Issue (i): Whether a dealer purchasing ground-nuts from an agriculturist was liable to pay sales tax on the purchase under the Hyderabad General Sales Tax Act, 1950.
Analysis: The charging provisions made every dealer liable on his turnover, and turnover included the aggregate amount for which goods were bought or sold. The scheme of the Act showed that tax could be levied at one point in the series of transactions, either on the seller or on the buyer, but not on both. In the case of ground-nuts, rule 5(2) fixed the taxable turnover by reference to the amount for which the goods were bought, so the buyer who was a dealer was the person liable.

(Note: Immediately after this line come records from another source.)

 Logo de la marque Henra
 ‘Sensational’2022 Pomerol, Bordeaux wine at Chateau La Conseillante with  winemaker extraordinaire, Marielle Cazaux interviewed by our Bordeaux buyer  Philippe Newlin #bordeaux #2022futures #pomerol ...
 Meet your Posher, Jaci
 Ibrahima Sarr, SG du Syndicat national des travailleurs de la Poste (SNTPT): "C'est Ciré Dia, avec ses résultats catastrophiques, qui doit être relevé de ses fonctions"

An agriculturist, not being a dealer, had no taxable turnover, but that did not take the dealer's purchase outside the Act.

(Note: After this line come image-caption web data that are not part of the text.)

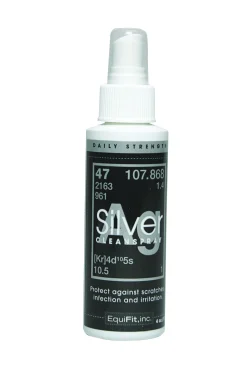Clearance EQUIFIT ® AgSilver™ Daily Strength WoundSpray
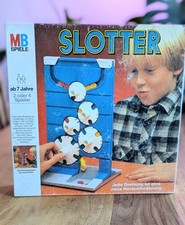Slotter spiele vintage gebraucht kaufen  Goslar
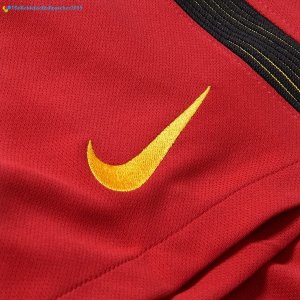 Pantalon AS Roma Domicile 2017 2018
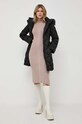 Guess piumino W3BL36.WEX52 nero AW23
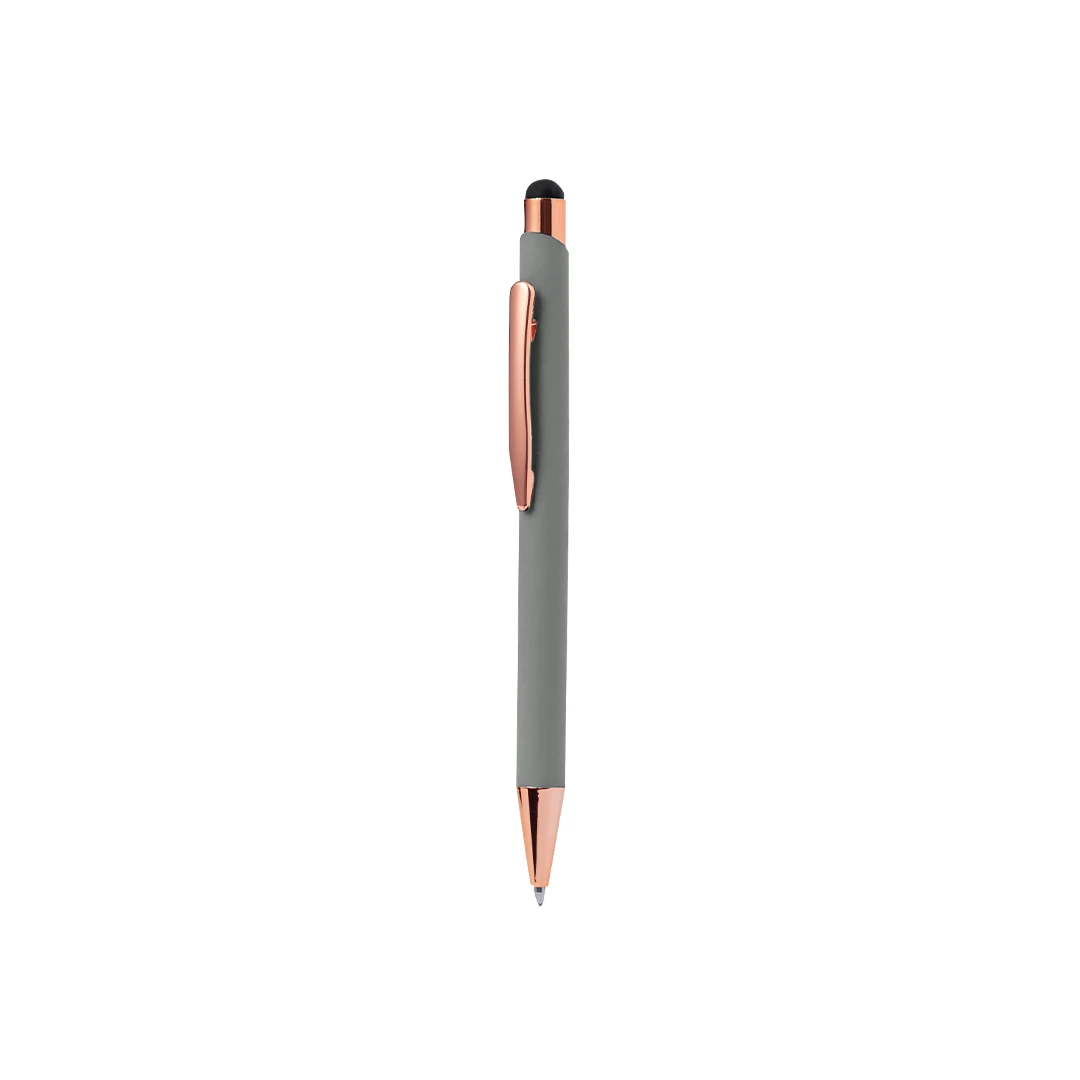 Bolígrafo Puntero Taulf - GRIS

Conclusion: The dealer was liable to pay tax on the purchase of ground-nuts, and this issue was decided against the assessee.
Issue (ii): Whether a registered dealer had a right to collect the tax from the agriculturist seller.

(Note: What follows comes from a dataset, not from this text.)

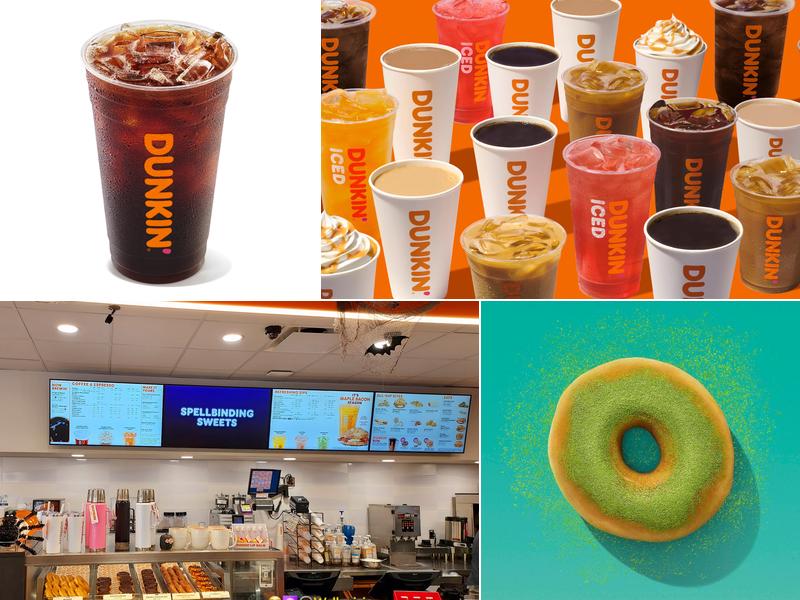 Dunkin'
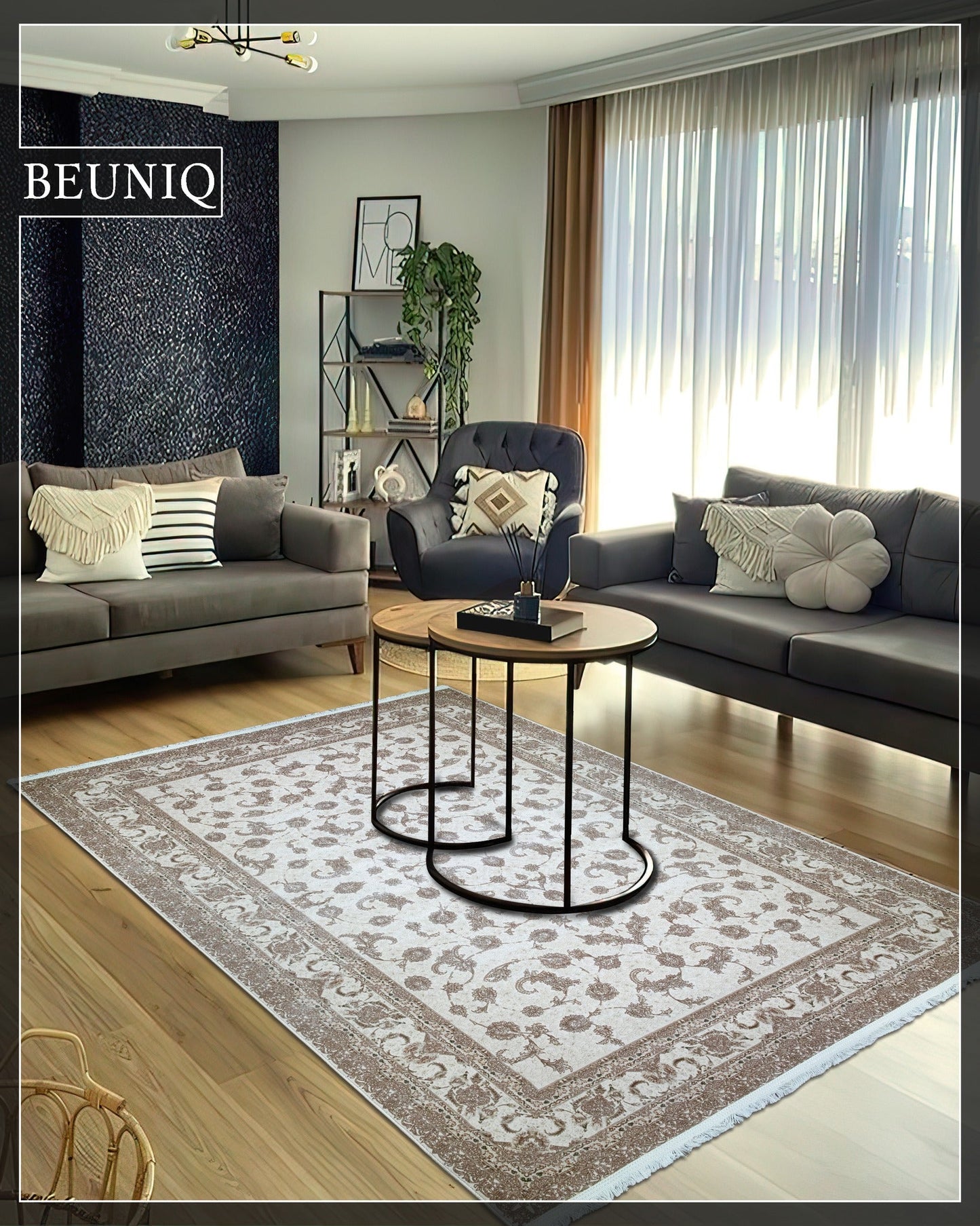 Grace 8024 - beUNIQ.®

Analysis: Section 11 permitted a registered dealer to collect only tax payable under the Act, subject to the Rules. Since the agriculturist seller was not liable to pay any tax under the Act, no amount could be collected from him as tax. The attempted collection from the agriculturist was therefore unsupported by the statute, though the dealer might in other circumstances recoup himself in the manner indicated by the authorities.
Conclusion: The dealer had no right to collect the tax from the agriculturist seller, and this issue was decided against the assessee.
Issue (iii): Whether Article 286(3) of the Constitution barred the levy because ground-nuts had been declared an essential commodity.
Analysis: The constitutional restriction applied only where Parliament had made a law declaring goods to be essential for the life of the community in the sense contemplated by the Article. The majority held that the Essential Supplies (Temporary Powers) Act, 1946 was not such a declaration for the purpose of Article 286(3), and that the later Parliamentary enactment of 1952 could not assist the appellant because it was not in force when the levy in question was made. Accordingly, the levy was not hit by Article 286(3).
Conclusion: Article 286(3) did not invalidate the tax, and this issue was decided against the assessee.
Final Conclusion: The tax levy on the dealer's purchases of ground-nuts was upheld, the constitutional objection failed, and the appeal was dismissed with costs.
Ratio Decidendi: Under the Act, liability follows the dealer's taxable turnover on the purchase side where the Rules so provide, and a registered dealer cannot collect tax from a person who is not statutorily liable to pay it; the constitutional bar in Article 286(3) applies only to a law of Parliament declaring goods essential in the sense contemplated by that provision.
Dissenting Opinion: Bose J. would have held that once Parliament applied the Essential Supplies (Temporary Powers) Act, 1946 to Hyderabad, the declaration of essential commodities attracted Article 286(3) and the levy could not stand.